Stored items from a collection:
..........

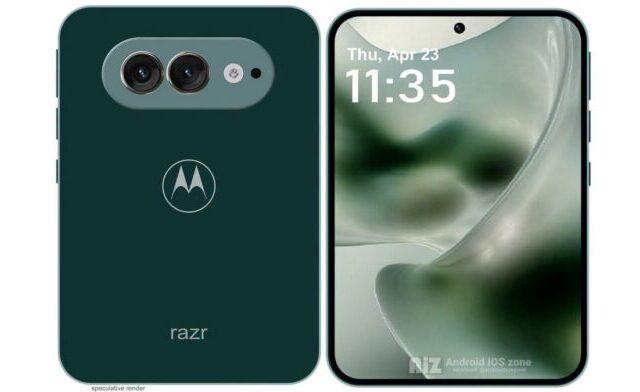Motorola Razr Flex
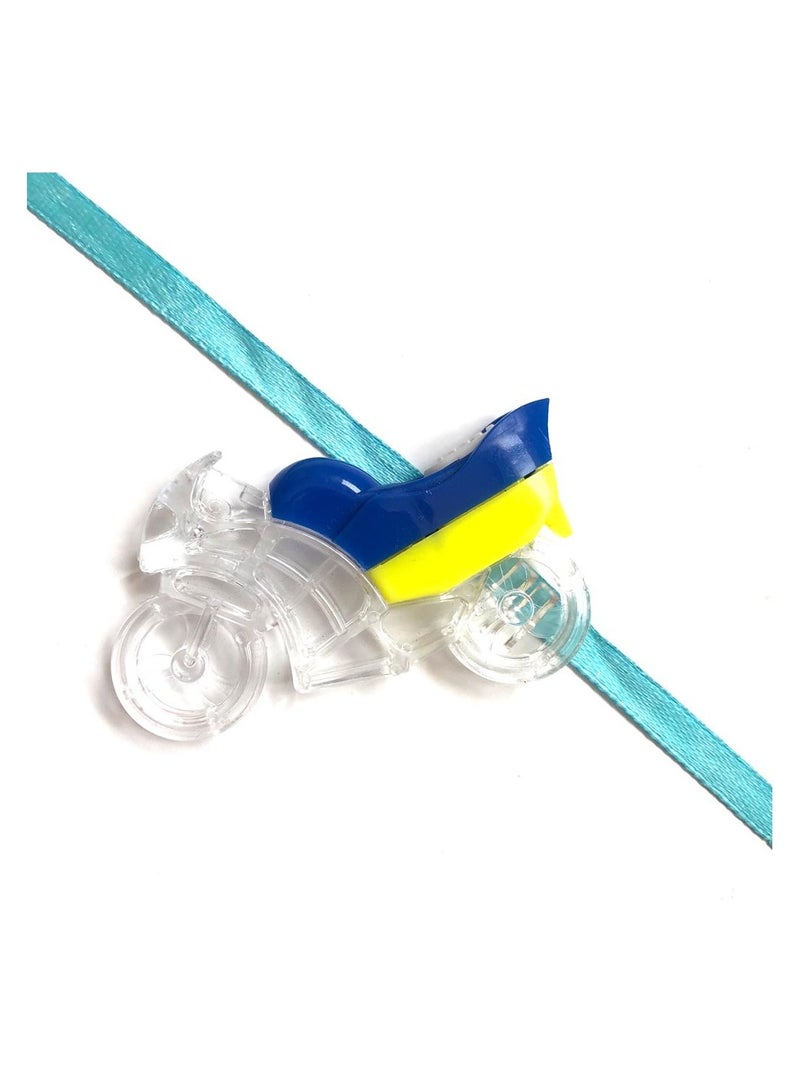 crazy مجموعة مكونة من 4 قطع من راخي للأطفال - Image 4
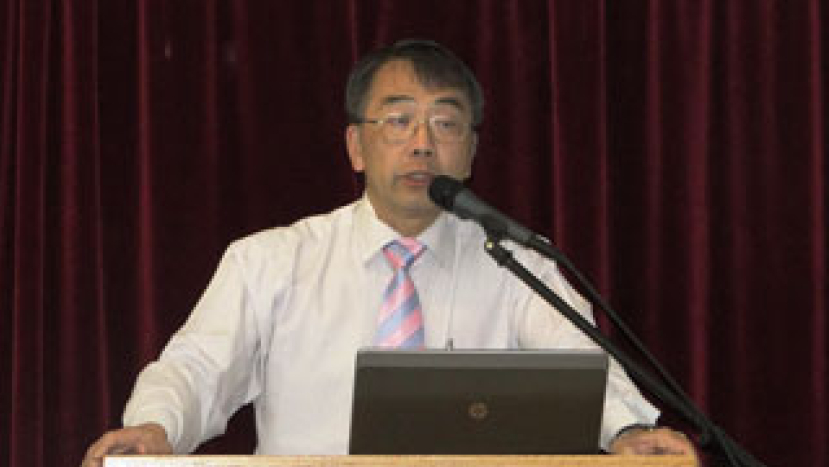 陳劍光牧師:中國對非官方教會持默認態度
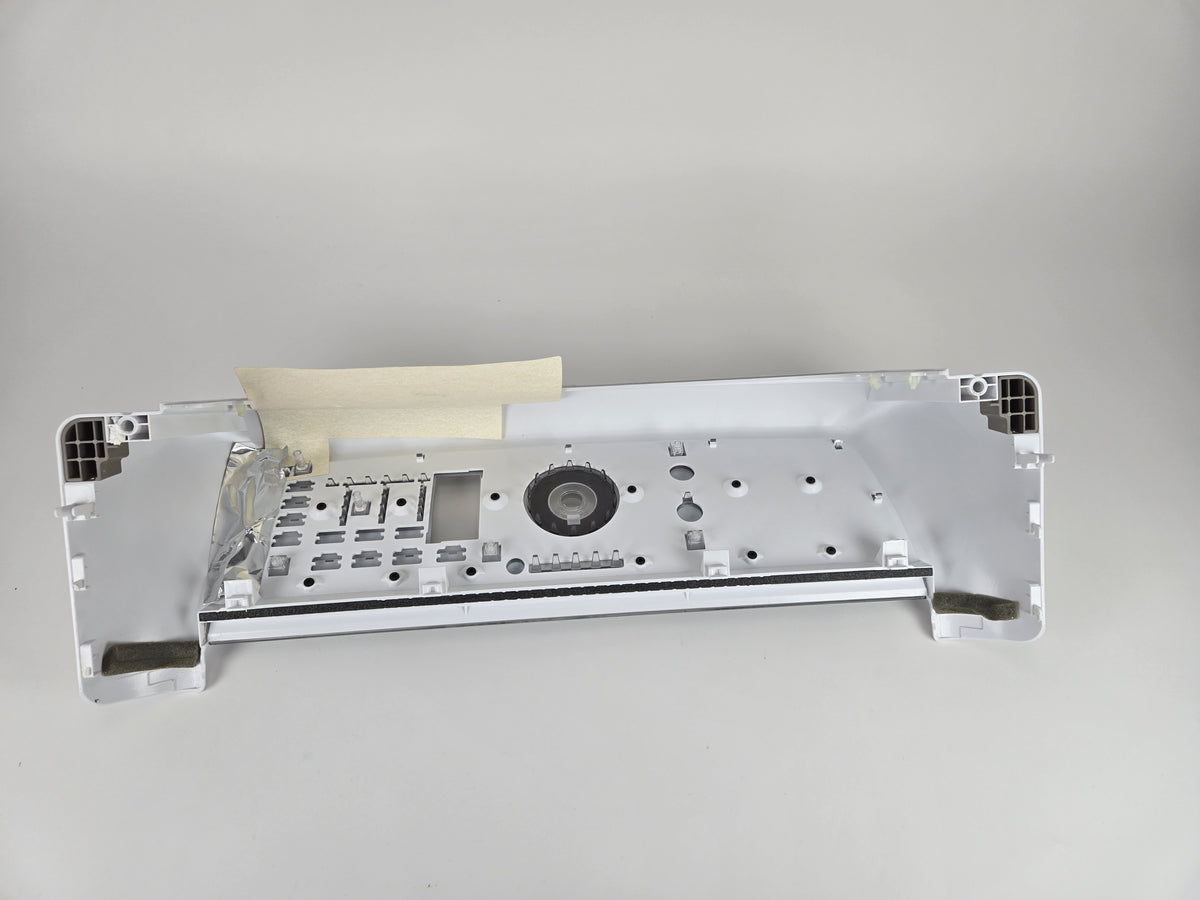 GE Washer Backsplashes / Consoles / Control Panels WH42X28267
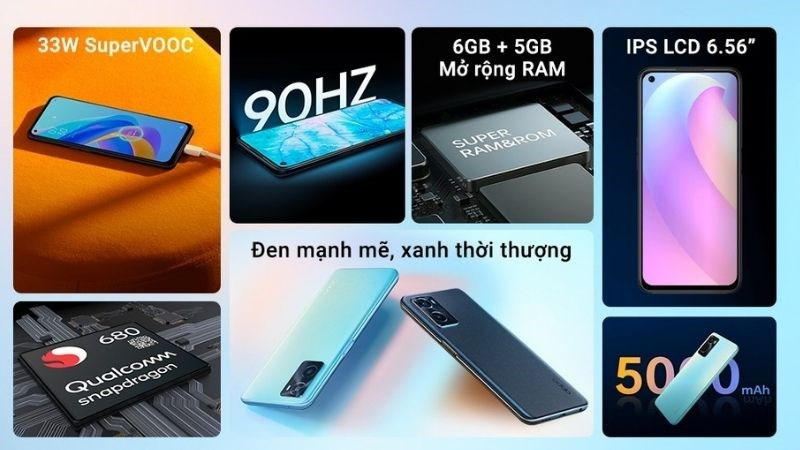 Top 8 Điện Thoại OPPO Livestream Cực Đỉnh Cho TikToker, YouTuber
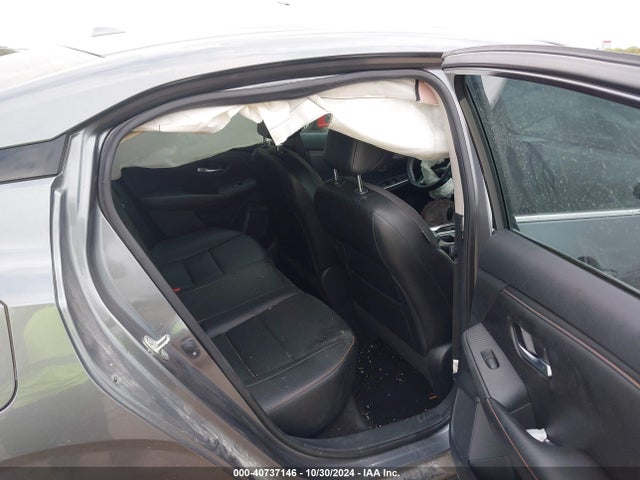 Nissan Sentra Sr Xtronic Cvt 2020 3N1AB8DV0LY301965 Image 8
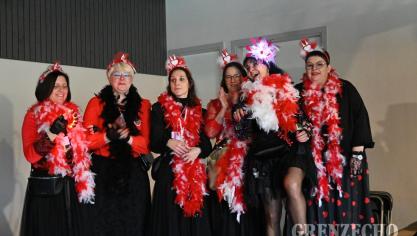 <p>Möhnendonnerstag in Büllingen [Teil 1]</p>
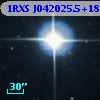 1RXS J042025.5+184416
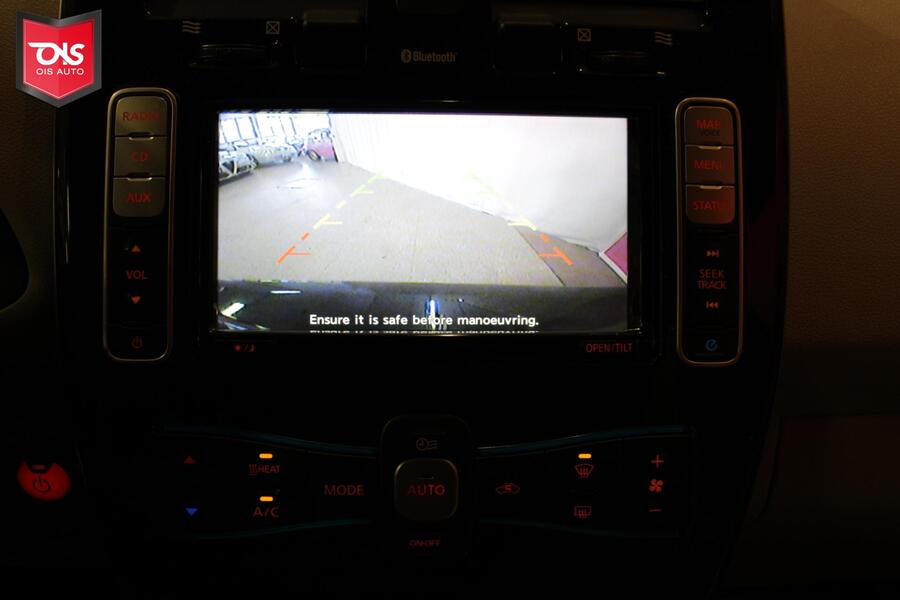 Nissan Leaf vaihtoauto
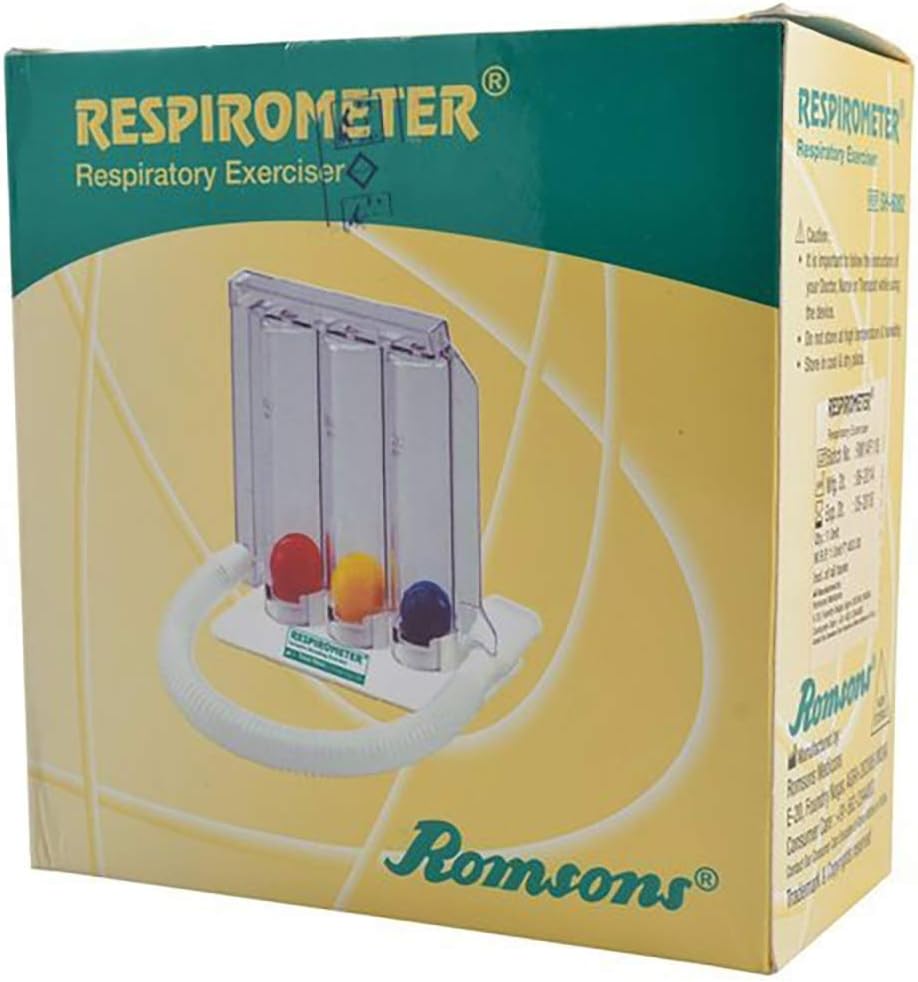 Romsons Respirometer (GS 6018)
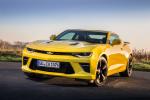 Chevrolet Camaro 2016 года (EU)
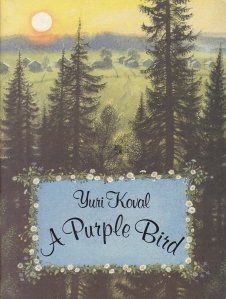 A Purple Bird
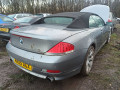зеркало наружное левое BMW 6 серия E63/E64 2004, 4.4 л., АКПП, кабриолет, 51167189355 - фото №13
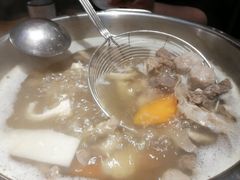 牛杂锅底-牛品福潮汕牛肉火锅(旺庄店)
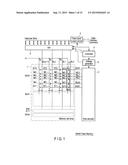 SEMICONDUCTOR STORAGE DEVICE diagram and image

..........

Exact reproduction of the entries above is required, with pictures excluded.

ANSWER TO THIS EXERCISE:
Motorola Razr Flex
 crazy مجموعة مكونة من 4 قطع من راخي للأطفال - Image 4
 陳劍光牧師:中國對非官方教會持默認態度
 GE Washer Backsplashes / Consoles / Control Panels WH42X28267
 Top 8 Điện Thoại OPPO Livestream Cực Đỉnh Cho TikToker, YouTuber
 Nissan Sentra Sr Xtronic Cvt 2020 3N1AB8DV0LY301965 Image 8
 <p>Möhnendonnerstag in Büllingen [Teil 1]</p>
 1RXS J042025.5+184416
 Nissan Leaf vaihtoauto
 Romsons Respirometer (GS 6018)
 Chevrolet Camaro 2016 года (EU)
 A Purple Bird
зеркало наружное левое BMW 6 серия E63/E64 2004, 4.4 л., АКПП, кабриолет, 51167189355 - фото №13
 牛杂锅底-牛品福潮汕牛肉火锅(旺庄店)
 SEMICONDUCTOR STORAGE DEVICE diagram and image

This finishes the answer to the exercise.